After spending all Friday night with Tea Leaf Green my groggy eyes wouldn't open to squint at the sun. Do I need a bloody mary? Water? I'll start with water and an obscene amount of brown rice and see where that takes me. I didn't make it to the main stage until three or so for the McCloskey Brothers Band. It was a rough slot to play; a dozen people or so hung out in the shade pacing themselves for the day. They were in good spirits though, joking and playing hard. Their songs reminded me of my childhood (a dangerously ambiguous description--let's hope my childhood didn't consist of imaginary friends that told me to set things on fire). Luckily, I blocked those memories out and implanted more friendly ones of a little girl with blonde curls ringing bluebells on a Colorado (where these guys happen to be from) mountainside smelling the vanilla breath of Ponderosa Pines. They have a classic rock sound I heard from acoustic guitars on that hillside (very unlike their electric mandolin, banjo and bass. The mandolin had a crescent bit out of it, as if the Cookie Monster snuck in, smoked some grass and took a bite out of the first round thing he saw). And we arrive at their last song (so soon?), with beautiful lyrics that carried the vibe of the weekend, "This magic can be here on this earth. It's magic just to be with you here today."
They closed and cleared the stage for my favorite band of late, Jacob Fred Jazz Odyssey. Brian Haas' keys twinkled like light skipping on ripples of water under the waves of black fabrics filtering afternoon to the stage. I taste the music in my mouth; it tastes like aloe, tangy, licking something with millions of sharp pores. I feel it in the air. Tiny hairs on my cheek stand up, my face is inside out, rolling in the summer breeze; I am a balloon rubbed against shag carpet. It's all melting away. I would be exposed if I could tell where "I" exist, but I can't. The music is in everything; my blood flows to it, gurgling like spitting lava. Flies make love on my knee, well, this is a song about love.

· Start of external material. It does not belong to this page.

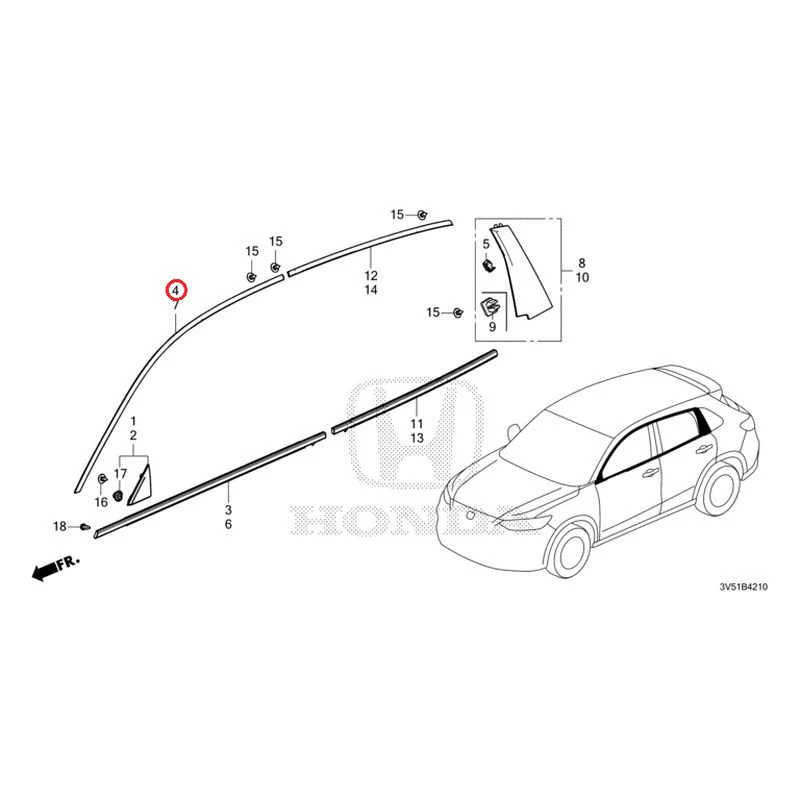 [NEW] JDM HONDA ZR-V e:HEV RZ4 2025 Molding GENUINE OEM - Image 5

Next came a song about Miles Davis called "Fall" (the season after summer and before winter that happens some places in the country, as Brian explained to the California crowd), the flies lost the mood. They quickly started buzzing after one another again with another love song, "Good Energy Perpetuates Good Energy." They played songs about leaving one's body, nature, evolution, and of course Brian's pet squirrel Nibbles, with Reed Mathis playing the part of Nibbles. Alfred Howard joined them and sang P.E. from his CD (Alfred Howard & the K23 Orchestra). It's great to hear artists take advantage of the fact that they have a microphone in front of them, and people in hearing range to say some words about the state of the world and the advertising, capitalistic, industry-driven machine we're riding without much balance--balance comes from hearing different voices, or finding your own (rivers don't survive from a single source, especially if the source likes trees in dollar form).
Brain Haas & Jason Smart of JFJO
Politics aside, Baja Bash originators, the Travel Agents, took the stage to play some classic rock covers. They were the only band that played at the first Baja Bash, and they've been back every year since. I hadn't seen them before and was expecting all Dead songs after a colorful older man told me, "It's Dead time," and practically skipped over the steep dirt hill to the main stage, but they played a variety of classic rock. The lead singer has a great voice. The audience danced with a healthy mix of capes, shawls, blankets and I believe a moo moo while a montage of peaceful bumper stickers flashed across the screen behind the stage: "No Time To Hate", "One Show at a Time", "Give Peace a Chance", "Walk in Balance" and many more, too quick to read, but enough to sink in.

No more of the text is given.